Obama, Bush break with custom to warn against Donald Trump’s politics
They both sounded off on the politics of fear and division, clearly taking aim at U.S. President Donald Trump’s tactics — without mentioning him by name.
In speeches in Richmond, Va., and Newark, N.J., Obama sought to remind Americans about their roots.
“Why are we deliberately trying to misunderstand each other, and be cruel to each other and put each other down? That’s not who we are,” Obama said.
His predecessor made similar comments in New York at a conference hosted by the George W. Bush Institute.
Bush denounced bigotry in Trump-era American politics, warning that the rise of “nativism,” isolationism and conspiracy theories have clouded the nation’s true identity.
Here’s a look at what Obama said
In one of his first political speeches since leaving the White House, Obama told the crowd in New Jersey that division politics have already been “put to bed.”
In particular, he slammed racial divisions.
“What we can’t have is the same old politics of division that we have seen so many times before, that dates back centuries.”
WATCH: Obama hits the campaign trail for 1st time since leaving White House
Later on in Virginia, Obama took a slightly less veiled aim at Trump.
“We’ve got folks who are deliberately trying to make folks angry, to demonize people who have different ideas, to get the base all riled up because it provides a short-term tactical advantage. Sometimes that feels frustrating,” Obama said.

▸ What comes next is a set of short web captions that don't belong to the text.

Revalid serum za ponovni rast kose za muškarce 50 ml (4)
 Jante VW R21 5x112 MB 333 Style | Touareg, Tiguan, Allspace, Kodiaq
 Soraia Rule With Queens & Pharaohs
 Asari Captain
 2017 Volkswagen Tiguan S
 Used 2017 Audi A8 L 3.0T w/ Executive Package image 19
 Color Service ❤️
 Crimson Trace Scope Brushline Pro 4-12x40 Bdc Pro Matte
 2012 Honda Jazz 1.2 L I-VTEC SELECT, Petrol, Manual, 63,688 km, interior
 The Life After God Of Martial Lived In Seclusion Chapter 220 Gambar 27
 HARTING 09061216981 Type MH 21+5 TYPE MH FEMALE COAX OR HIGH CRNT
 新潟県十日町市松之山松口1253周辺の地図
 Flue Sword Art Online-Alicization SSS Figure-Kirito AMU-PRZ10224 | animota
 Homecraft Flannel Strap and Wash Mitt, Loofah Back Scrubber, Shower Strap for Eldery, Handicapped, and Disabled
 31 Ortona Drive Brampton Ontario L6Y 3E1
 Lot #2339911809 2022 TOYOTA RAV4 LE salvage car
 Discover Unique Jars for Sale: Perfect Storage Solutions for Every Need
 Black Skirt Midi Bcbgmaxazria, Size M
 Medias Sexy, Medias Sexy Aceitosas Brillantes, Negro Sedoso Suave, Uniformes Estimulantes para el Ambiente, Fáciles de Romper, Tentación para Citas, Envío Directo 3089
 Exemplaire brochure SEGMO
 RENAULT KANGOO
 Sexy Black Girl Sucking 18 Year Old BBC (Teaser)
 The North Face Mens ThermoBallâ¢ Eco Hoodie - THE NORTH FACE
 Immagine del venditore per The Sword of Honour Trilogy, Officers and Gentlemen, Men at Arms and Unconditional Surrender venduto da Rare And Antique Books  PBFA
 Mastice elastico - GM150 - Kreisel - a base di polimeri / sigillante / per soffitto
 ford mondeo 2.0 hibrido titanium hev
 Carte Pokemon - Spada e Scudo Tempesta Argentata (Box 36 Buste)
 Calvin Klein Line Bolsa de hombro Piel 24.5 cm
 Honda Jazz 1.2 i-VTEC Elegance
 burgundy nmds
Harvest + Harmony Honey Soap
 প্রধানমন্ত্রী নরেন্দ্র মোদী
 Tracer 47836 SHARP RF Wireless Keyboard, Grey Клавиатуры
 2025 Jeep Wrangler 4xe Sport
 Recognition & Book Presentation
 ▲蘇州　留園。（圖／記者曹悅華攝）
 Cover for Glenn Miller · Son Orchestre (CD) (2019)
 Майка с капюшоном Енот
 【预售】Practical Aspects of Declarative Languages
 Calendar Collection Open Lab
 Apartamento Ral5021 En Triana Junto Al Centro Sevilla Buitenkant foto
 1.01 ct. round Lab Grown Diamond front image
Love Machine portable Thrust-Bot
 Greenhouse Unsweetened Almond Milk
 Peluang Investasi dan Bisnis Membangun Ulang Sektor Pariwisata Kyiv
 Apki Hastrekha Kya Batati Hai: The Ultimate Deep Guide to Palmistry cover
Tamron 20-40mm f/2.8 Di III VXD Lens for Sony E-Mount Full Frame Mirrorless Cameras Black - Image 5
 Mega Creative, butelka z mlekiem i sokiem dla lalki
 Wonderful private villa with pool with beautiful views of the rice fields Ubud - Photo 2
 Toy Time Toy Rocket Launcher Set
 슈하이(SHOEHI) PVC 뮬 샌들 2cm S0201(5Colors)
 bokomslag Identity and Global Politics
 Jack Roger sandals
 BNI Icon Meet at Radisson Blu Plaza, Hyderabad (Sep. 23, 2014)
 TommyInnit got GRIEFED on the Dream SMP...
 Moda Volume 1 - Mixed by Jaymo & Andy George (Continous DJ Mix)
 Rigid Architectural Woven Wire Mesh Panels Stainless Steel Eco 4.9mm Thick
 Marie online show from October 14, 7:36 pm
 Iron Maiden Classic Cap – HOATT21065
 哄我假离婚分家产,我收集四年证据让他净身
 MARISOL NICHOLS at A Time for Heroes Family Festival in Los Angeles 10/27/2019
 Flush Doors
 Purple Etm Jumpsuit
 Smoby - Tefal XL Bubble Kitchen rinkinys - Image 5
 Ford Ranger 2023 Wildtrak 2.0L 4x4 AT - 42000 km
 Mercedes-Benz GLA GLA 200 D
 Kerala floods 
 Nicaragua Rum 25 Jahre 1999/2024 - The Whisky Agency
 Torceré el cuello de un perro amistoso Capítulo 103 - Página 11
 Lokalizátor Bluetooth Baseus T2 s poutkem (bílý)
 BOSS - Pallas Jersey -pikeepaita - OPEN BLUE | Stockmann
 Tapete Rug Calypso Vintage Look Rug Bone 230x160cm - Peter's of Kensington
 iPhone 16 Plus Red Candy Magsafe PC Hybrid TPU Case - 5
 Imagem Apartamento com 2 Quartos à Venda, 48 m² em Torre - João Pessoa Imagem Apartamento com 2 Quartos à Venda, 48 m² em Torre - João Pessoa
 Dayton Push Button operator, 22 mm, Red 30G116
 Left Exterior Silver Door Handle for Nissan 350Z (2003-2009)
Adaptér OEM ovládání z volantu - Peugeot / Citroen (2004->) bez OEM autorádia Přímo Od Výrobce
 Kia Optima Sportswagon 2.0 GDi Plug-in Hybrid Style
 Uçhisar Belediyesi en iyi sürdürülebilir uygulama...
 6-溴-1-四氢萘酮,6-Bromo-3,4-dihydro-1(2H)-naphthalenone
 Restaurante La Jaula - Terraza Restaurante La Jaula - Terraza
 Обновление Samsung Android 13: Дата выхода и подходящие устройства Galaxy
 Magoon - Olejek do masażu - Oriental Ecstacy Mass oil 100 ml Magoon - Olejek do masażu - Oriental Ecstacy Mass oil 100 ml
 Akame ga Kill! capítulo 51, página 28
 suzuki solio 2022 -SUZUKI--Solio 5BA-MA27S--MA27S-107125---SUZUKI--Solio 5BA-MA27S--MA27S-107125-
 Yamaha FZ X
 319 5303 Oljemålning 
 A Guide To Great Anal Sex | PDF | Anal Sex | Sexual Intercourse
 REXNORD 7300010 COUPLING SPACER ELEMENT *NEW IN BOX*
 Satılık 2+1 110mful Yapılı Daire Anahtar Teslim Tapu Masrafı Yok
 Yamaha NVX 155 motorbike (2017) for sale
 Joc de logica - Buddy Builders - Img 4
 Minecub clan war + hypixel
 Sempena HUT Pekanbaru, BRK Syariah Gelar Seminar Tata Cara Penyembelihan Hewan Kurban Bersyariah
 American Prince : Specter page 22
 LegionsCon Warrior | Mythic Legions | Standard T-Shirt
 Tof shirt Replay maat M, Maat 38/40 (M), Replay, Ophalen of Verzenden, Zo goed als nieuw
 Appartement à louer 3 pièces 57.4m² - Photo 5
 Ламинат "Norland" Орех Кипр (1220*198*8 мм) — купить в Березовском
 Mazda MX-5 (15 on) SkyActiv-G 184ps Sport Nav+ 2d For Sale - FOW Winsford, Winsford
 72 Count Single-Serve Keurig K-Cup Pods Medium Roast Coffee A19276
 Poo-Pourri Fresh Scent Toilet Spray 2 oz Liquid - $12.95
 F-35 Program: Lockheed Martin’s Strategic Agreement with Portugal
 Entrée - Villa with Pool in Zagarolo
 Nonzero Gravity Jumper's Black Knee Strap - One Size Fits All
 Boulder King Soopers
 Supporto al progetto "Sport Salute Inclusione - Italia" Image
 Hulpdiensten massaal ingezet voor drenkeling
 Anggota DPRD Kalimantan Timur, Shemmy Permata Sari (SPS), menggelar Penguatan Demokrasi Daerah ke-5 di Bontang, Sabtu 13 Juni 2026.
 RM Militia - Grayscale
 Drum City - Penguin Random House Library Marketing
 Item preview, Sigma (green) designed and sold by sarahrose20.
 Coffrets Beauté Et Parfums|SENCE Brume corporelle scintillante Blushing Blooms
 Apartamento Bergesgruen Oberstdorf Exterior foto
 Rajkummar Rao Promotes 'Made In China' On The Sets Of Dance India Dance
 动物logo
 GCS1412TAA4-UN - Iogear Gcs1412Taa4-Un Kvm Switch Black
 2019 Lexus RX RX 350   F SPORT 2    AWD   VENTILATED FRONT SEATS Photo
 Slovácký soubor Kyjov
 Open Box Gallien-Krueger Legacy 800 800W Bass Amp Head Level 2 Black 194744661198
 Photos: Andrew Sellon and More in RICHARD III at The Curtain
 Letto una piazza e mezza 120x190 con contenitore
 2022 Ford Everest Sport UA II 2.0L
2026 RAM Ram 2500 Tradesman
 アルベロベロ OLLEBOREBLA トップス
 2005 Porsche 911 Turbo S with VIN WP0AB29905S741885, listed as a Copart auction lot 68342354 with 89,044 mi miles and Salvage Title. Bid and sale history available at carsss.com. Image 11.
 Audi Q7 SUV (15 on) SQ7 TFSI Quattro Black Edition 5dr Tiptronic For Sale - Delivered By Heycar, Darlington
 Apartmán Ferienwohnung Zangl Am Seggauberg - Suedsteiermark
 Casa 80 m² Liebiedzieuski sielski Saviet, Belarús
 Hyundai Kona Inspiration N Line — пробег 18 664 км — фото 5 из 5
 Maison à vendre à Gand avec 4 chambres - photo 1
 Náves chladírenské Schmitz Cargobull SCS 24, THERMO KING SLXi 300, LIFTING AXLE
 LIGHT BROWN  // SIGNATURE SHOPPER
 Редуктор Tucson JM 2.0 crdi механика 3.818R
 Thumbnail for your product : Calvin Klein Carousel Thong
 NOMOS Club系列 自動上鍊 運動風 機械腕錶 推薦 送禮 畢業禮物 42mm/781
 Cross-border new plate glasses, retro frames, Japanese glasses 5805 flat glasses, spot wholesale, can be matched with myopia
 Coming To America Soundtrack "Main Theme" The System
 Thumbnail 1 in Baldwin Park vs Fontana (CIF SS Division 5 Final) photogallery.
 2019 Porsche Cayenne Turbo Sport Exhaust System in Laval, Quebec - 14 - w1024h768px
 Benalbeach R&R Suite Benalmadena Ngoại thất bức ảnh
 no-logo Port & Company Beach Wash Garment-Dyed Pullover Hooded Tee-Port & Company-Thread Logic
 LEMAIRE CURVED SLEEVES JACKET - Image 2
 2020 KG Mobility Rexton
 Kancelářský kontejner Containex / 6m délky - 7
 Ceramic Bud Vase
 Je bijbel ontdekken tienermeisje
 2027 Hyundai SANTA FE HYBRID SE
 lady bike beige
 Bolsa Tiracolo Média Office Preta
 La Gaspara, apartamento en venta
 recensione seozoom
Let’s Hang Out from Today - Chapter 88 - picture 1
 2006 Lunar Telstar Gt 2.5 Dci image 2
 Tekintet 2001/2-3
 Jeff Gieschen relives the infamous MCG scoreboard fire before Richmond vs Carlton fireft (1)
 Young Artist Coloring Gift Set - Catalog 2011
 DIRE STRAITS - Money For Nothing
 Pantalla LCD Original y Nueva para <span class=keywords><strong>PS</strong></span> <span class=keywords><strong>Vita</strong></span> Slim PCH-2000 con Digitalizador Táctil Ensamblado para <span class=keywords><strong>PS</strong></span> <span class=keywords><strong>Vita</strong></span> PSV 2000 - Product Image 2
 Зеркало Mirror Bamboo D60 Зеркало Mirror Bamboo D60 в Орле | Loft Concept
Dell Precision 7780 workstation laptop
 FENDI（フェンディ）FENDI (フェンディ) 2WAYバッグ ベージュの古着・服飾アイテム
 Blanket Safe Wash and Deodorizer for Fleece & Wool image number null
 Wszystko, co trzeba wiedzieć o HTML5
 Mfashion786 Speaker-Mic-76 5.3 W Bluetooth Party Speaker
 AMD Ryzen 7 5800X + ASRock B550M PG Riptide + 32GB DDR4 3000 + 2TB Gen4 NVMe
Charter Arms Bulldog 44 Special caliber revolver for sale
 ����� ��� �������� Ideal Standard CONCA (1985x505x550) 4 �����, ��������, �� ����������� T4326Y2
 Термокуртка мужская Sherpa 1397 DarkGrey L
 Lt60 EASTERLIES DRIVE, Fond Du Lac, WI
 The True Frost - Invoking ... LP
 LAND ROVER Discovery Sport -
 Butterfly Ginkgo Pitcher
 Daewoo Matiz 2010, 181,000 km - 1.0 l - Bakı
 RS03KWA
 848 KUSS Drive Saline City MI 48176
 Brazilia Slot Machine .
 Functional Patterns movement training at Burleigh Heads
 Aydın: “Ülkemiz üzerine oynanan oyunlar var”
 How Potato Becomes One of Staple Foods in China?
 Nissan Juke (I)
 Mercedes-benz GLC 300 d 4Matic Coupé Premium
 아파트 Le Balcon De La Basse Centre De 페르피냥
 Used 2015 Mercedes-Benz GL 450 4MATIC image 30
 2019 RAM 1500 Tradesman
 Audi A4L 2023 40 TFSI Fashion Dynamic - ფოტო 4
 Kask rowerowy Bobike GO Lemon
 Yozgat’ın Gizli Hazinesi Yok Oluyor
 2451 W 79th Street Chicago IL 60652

This isn’t he first time Obama has voiced disagreement with Trump. He has spoken out on the president’s efforts to end Obamacare, and his decision to leave the Paris Accord.
Here’s a look at what Bush said
Bush, who has previously spoken out against the risks of isolationism in in the United States, once again warned that the country’s politics are “vulnerable.”
“We need to recall and recover our own identity. To renew our country, we only need to remember our values.”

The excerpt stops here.